As for Kerberos, things are still under development, but I have some docs in:

https://wikitech.wikimedia.org/wiki/User:Elukey/Analytics/Kerberos
https://wikitech.wikimedia.org/wiki/User:Elukey/Analytics/Hadoop_testing_cluster

There are two hosts (krb1001 and krb2001), one for each DC, running on each a KDC daemon. The clients will be able to failover transparently (in theory) to a different KDC without any intervention if necessary.
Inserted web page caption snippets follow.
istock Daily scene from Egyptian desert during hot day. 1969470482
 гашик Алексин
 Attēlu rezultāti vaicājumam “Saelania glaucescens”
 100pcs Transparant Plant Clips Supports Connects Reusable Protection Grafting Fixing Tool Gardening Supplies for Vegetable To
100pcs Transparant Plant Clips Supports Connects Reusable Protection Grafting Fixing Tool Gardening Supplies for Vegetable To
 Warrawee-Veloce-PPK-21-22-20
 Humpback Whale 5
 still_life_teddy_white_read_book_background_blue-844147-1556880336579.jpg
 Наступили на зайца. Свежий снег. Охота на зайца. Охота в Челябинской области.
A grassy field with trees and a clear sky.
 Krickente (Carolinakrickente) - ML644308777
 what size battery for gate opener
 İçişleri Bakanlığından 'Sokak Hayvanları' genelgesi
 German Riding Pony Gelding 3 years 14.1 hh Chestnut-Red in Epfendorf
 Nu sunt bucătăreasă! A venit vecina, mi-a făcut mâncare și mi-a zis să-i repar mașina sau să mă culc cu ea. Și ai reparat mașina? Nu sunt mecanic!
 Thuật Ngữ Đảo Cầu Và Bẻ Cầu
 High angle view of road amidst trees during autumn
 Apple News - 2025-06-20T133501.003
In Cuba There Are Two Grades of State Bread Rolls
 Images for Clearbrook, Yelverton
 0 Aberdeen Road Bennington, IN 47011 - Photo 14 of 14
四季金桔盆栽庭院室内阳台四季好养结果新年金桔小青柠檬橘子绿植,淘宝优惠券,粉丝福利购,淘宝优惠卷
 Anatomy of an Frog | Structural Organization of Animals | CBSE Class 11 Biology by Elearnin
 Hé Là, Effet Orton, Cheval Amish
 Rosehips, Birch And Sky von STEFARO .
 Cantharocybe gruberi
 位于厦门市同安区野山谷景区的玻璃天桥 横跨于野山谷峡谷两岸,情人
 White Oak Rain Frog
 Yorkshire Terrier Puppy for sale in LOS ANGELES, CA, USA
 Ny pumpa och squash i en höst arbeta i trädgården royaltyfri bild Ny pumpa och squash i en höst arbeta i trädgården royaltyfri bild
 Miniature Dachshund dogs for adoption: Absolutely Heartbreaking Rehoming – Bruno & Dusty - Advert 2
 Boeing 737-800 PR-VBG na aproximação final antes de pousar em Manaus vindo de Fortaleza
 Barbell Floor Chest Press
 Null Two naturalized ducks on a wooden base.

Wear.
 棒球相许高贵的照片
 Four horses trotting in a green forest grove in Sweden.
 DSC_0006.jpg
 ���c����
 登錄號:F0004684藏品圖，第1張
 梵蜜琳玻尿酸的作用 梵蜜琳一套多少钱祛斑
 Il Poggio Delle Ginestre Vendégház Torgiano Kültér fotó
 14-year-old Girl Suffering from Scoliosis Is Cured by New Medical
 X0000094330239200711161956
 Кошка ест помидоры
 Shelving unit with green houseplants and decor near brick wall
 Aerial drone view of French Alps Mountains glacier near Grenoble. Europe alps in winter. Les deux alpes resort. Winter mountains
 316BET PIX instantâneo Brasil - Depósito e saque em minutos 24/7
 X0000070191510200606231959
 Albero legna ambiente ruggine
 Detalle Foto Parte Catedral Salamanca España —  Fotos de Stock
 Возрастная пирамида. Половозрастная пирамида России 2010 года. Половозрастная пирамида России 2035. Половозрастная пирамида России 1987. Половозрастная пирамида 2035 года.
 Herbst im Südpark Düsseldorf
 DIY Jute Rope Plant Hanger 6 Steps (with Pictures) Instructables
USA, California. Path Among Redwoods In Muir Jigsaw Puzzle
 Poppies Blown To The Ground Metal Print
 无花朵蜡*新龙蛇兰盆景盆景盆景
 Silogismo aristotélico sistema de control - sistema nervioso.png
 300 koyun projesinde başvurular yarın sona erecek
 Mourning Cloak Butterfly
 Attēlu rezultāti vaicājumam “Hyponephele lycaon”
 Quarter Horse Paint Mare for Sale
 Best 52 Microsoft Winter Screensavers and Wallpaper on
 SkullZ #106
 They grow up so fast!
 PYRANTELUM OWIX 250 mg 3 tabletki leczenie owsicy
We have some basic automation to create principals and keytabs, and we support only one realm for the moment (WIKIMEDIA).

Nuria renamed this task from Shorten the time it takes to move files from hadoop to dump hosts by Kerberizing the dump hosts to Shorten the time it takes to move files from hadoop to dump hosts by Kerberizing/hadooping the dump hosts .Fri, Oct 4, 3:53 AM
elukey moved this task from Backlog to In Progress on the User-Elukey board.Wed, Oct 9, 3:12 PM
elukey moved this task from Kerberos to Waiting for others on the User-Elukey board.

@Bstorm any remaining doubts that we can discuss? :)

Well, so far, we generally coordinate on maintenance, reboots and service downtime with @ArielGlenn to at least some extent. Should I assume that analytics team would be maintaining the state of hadoop client software on the dumps servers, and either way, are there special considerations to be taken when doing maintenance and reboots when it comes to the hadoop and kerberos setup?

Well, so far, we generally coordinate on maintenance, reboots and service downtime with @ArielGlenn to at least some extent. Should I assume that analytics team would be maintaining the state of hadoop client software on the dumps servers, and either way, are there special considerations to be taken when doing maintenance and reboots when it comes to the hadoop and kerberos setup?

Yes for sure, we'd maintain the hadoop client, but usually it is just applying a profile and that's it (unless we do a major upgrade, but in that case we take care of all the clients). No special considerations for reboots or maintenance, the client running on the labstore nodes will authenticate before starting, that's it, nothing to worry about on your side :)

Sounds like that takes care of my concerns.

@MoritzMuehlenhoff @ArielGlenn any concerns from your side?

elukey claimed this task.Tue, Oct 22, 7:25 AM
elukey added a subscriber: Milimetric.